40.0% success rate across 4 garment types on the competition’s private validation set, with a single policy handling all 4 garments.
placed 54th out of ~230 entrants to the competition

My role:

Project manager (organized the effort, led meetings, distributed tasks)
Ported LingBot VLA to work with the competition environment, set up & trained using a RunPod instance
Set up local server environment & evaluated diffusion policy, ACT, and SmolVLA baselines
Designed & implemented state machines & motion planning for automated data generation pipeline

Egocentric video data as supplied to the policy. The policy receives these 3 camera inputs as well as joint angles, and outputs joint angles.

Solution

Our best result was achieved by fine-tuning SmolVLA, with a training set generated by data augmentation (changing rooms & garment color) from a limited number of teleoperated demonstrations. This policy achieved 40.0% success across all garments on the competition’s private validation set (long-sleeve shirts: 39.5%, T-shirts: 10.5%, pants: 43.5%, shorts: 66.5%), and 53.2% success across all garments on our training set.

Process:

Model inputs: Wrist cameras (x2), overhead camera (x1), joint angles (2x6dof=12) Model outputs: joint angles (2x6dof=12)

Models evaluated:

X-VLA
SmolVLA
LingBot
Diffusion Policy
Action Chunking Transformer (ACT)

Data augmentation strategies used:

NVIDIA Cosmos: Changing arm, garment, and background textures + colors
IsaacSim: Scripting changes in room, garment colors, and lighting environment during teleop (idea is that the behavior may be different in low lighting; collect failure recovery information)

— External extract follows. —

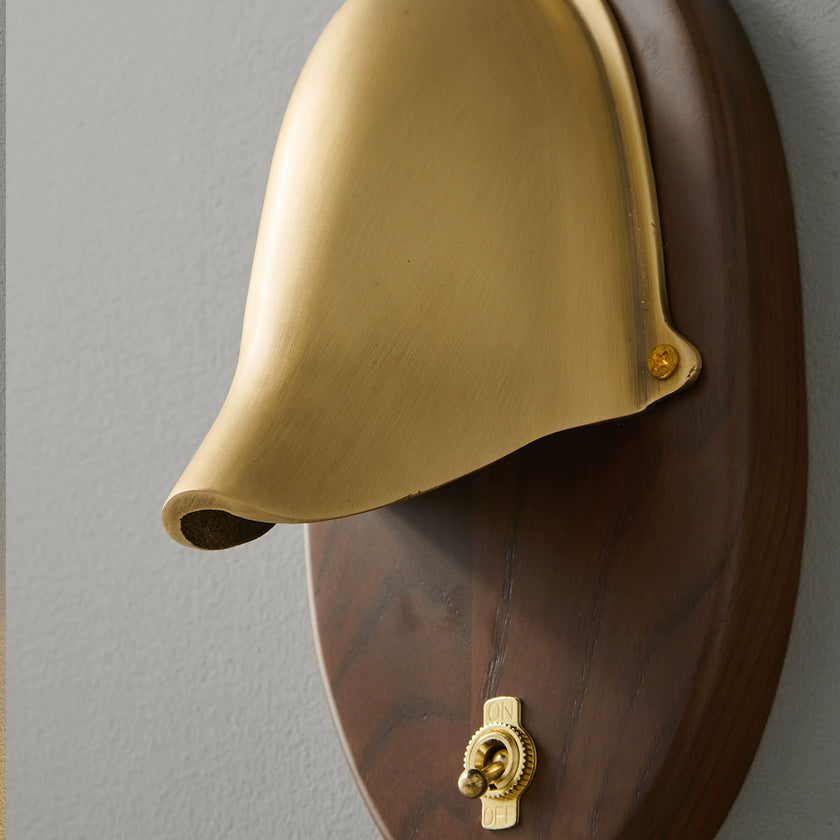 Espiria Wall Lamp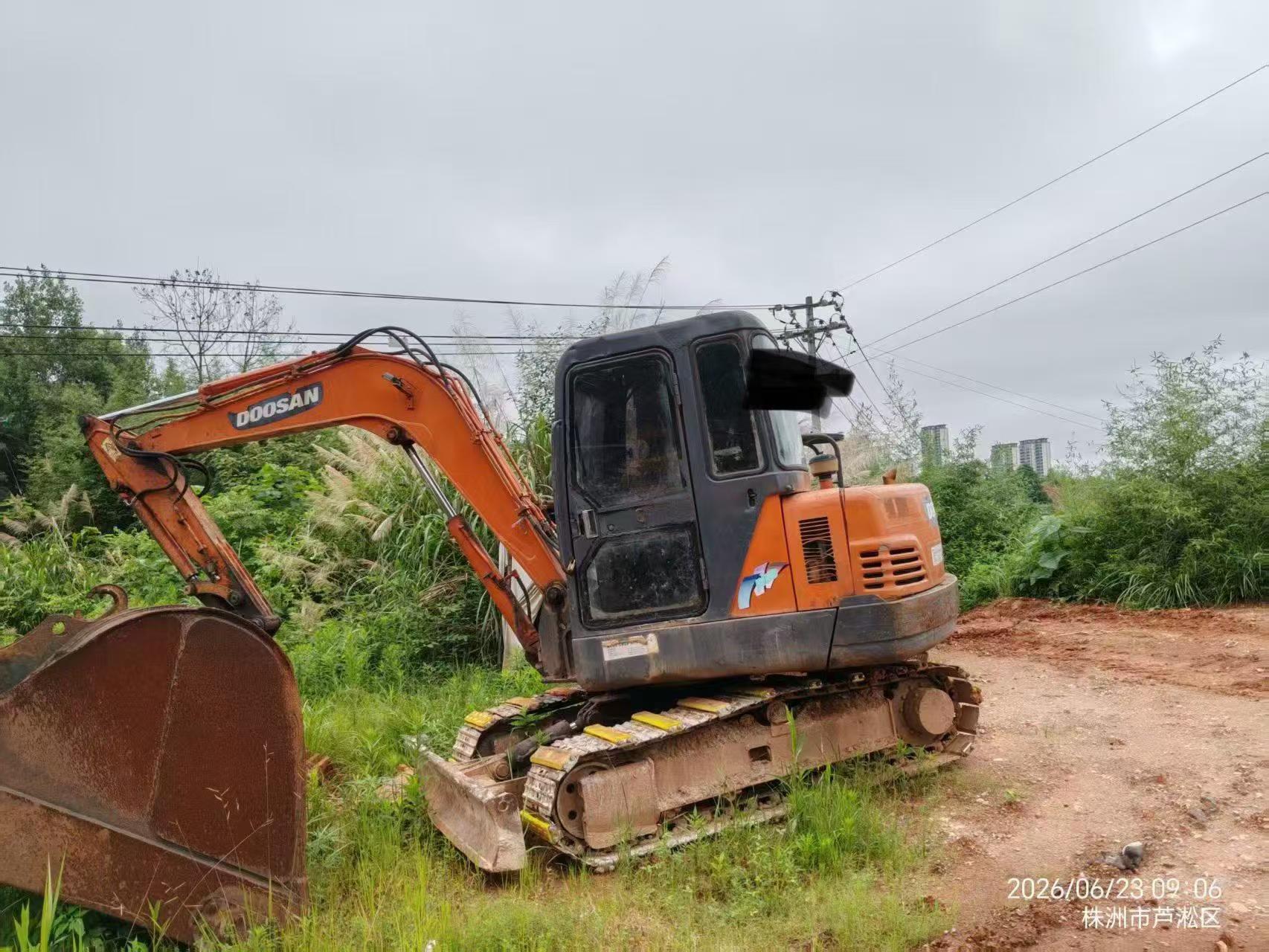 Buy Doosan DH55 Used Excavator / 2 Buy Doosan DH55 Used Excavator / 2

Data Collection strategies:

Manual Teleoperation using leader arms to control follower arms in IsaacSim
Automated data generation - using traditional robotics programming techniques (motion planner (NVIDIA cuRobo), state machine for folding each garment) to perform the fold automatically given perfect knowledge of clothing mesh + keypoints. We didn’t get this done in time to submit for competition.

Lessons Learned

Ease-of-use for the data collection, training, and evaluation pipelines is extremely important, to tighten the development-test loop. Without this, it can quickly become extremely demoralizing to iterate on the system.
COMPUTE MATTERS SO MUCH. The limited resources of our lab’s local servers (2 NVIDIA RTX 6000 GPU’s with 48GB of VRAM) made running IsaacSim slow, and made it literally impossible to train large models like LingBot. Spending cash on an H200 instance on RunPod immediately paid off once I switched to that to train LingBot.
Teleoperation is hard. We made a last-minute pivot to try automated data generation, and I think that strategy would have paid off had we finished in time. But as for teleoperation, especially with an arm like the 6dof SO-101 which is not overactuated, the control interface of a leader/follower setup was extremely difficult to master. Things that would have made this easier:
- more easily backdrivable leader arm. I think the motors are a bit too highly geared for this purpose
- more power in the leader arm motors; they struggle to overcome the force of the hand even when the follower arm impacts a surface
- more responsive haptic signals; when teleoperating the simulated arm in Isaac, there was some small but perceptible delay in control & haptic response. This made it extremely difficult to manipulate anything usefully
- tactile feedback. even just a buzzer to indicate impacting a surface, or lower complex impedance on the leader arm control system to be able to indicate stuff like the follower scraping across a material as vibration.

My ideas on teleoperation above are greatly informed by my work with Prof. Ed Colgate, who is supervising my thesis, and his fantastic PhD students working on haptics, as well as Prof. Kevin Lynch & his equally fantastic students.